Le discours que le président Barack Obama a prononcé, lundi dernier, à Hanovre en Allemagne, compte sans doute d’ores et déjà parmi les plus importants de ses deux mandatures. Peut-être le comparera-t-on à celui qu’il avait prononcé au Caire, le 4 juin 2009, sur le thème « les États-Unis ne seront jamais en guerre contre l’islam ». Il s’agissait de redéfinir la politique américaine à l’égard du monde musulman, en tenant compte des graves erreurs qui avaient été commises, notamment en Irak.
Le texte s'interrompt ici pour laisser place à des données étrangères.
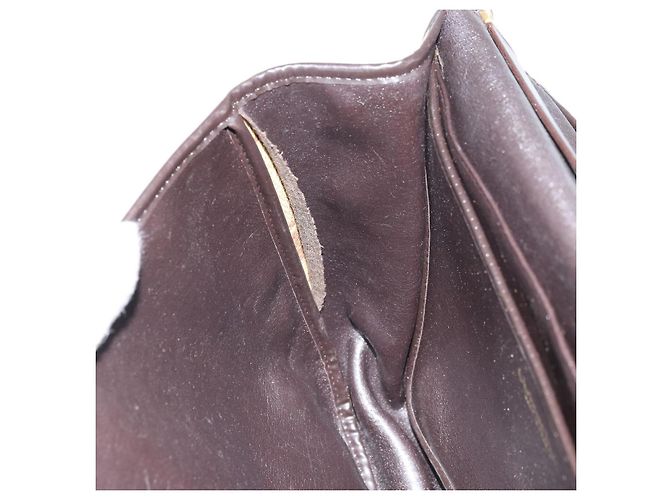 Borsa a Spalla in Tela Trotter Christian Dior Marrone Oro Auth 168939 D'oro - Ansicht 19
Cette fois-ci, il s’agissait de l’Europe et de son avenir, qui inquiète quelque peu le président, eu égard à la nécessaire solidarité que les États-Unis se doivent d’entretenir avec notre continent. Visiblement, le texte avait été très travaillé, associant des considérations générales à des paroles propres à toucher les Européens aussi bien dans leur ensemble que dans leurs appartenances nationales. La réouverture du Bataclan a même été évoqué, comme si Obama voulait faire vibrer les cordes les plus sensibles.
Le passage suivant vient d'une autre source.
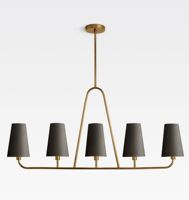 Lámpara Colgante LED de Diseño Moderno XZ, Estilo Nórdico Postmoderno, Tejido de Lino Simple, Latón, para Cocina, Techo, Dormitorio
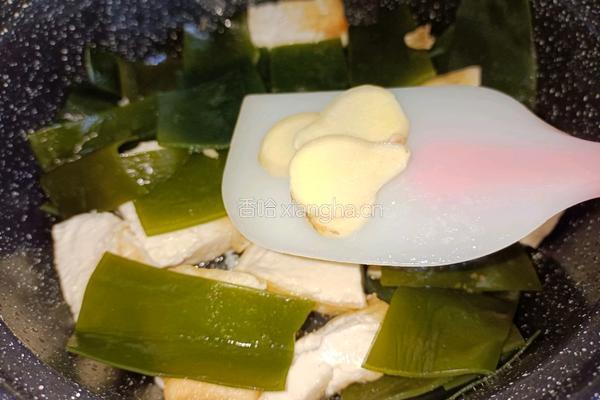 海带炖豆腐的做法图解6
Mais dans quel dessein ? Celui de réconforter l’Union européenne et d’inciter les partenaires à tenir ferme à leurs engagements et à leur projet commun. Obama n’ignore pas les facteurs de perturbation qui fragilisent la construction européenne et il tient à rappeler ce qui a été accompli et ce qui ne doit pas être compromis. La chancelière Angela Merkel n’a pu qu’être sensible à ces encouragements ; ils s’adressaient directement à elle. Le président américain a même fait un éloge très appuyé de sa personne et de son action. Nul doute, également, que les autorités de Bruxelles n’aient reçu avec gratitude un tel message. Il n’est pas sûr pour autant qu’Obama ait répondu aux nombreuses objections dont la politique bruxelloise est en ce moment l’objet.
Car l’Europe est remise en cause par les peuples qui la composent, mais aussi dans ses objectifs et son fonctionnement. Ainsi par Marcel Gauchet, avec sa redoutable intelligence critique, dans son dernier essai. Gauchet évoque même la possibilité d’un effondrement par délitement intérieur dans une situation de blocage. Cela ne veut pas dire qu’il n’y a plus d’espoir de ce côté. Simplement, il conviendrait de reprendre un examen complet du projet dans ses conditions actuelles de réalisation. Les Américains n’ont peut-être pas encore intégré cette nouvelle problématique.